ASEAN plans tourism body to boost links
ASEAN plans tourism body to boost links
KUALA LUMPUR (Reuter): The six member countries of the Association of Southeast Asian Nations (ASEAN) plan to set up a new tourism body to link public and private efforts to boost growth, a senior official said yesterday.
Tourism officials from the ASEAN countries of Brunei, Singapore, Malaysia, Thailand, Indonesia and the Philippines, are now studying the plan and will submit their findings at the next ASEAN tourism meeting in August, the official told Reuters.
Khoo Hock Aun, deputy executive director of the Kuala Lumpur- based ASEAN Tourism Information Center (Atic), which is funded by ASEAN members, said tourism had become a major industry for countries in the region.
ASEAN's tourism growth rate, at nine percent, far exceeded the worldwide average of 3.2 percent, he said.
Atic is the existing representative body for ASEAN tourism but the organization's term expires in March 1996 or when a new body is set up.

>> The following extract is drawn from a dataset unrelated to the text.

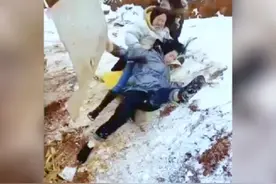 盘点冰雪天失误倒霉瞬间#搞笑视频 #雪天摔跤那点事视频封面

ASEAN countries cooperated collectively on a Visit ASEAN Year in 1992 which saw each country allocated a budget of US$0.5 million to boost international publicity.
Separately, Malaysia held Visit Malaysia Year in 1990 and 1994 as did Thailand and Indonesia in 1987 and 1991.
According to Atic's figures, ASEAN saw an estimated total of 25.8 million tourist arrivals last year, compared with 23.7 million in 1993.
Based on these estimates, ASEAN tourism arrivals accounted for 4.9 percent of total worldwide arrivals compared with 4.6 percent in 1993.
In July last year, the Madrid-based World Tourism Organization (WTO) said international tourist arrivals in East Asia and the Pacific grew four times faster than the world average in 1993, reaching a record-breaking 69 million.
The WTO forecast that east Asia and the Pacific will continue as the fastest-growing tourism region of the world with international arrivals reaching 101 million by the year 2000.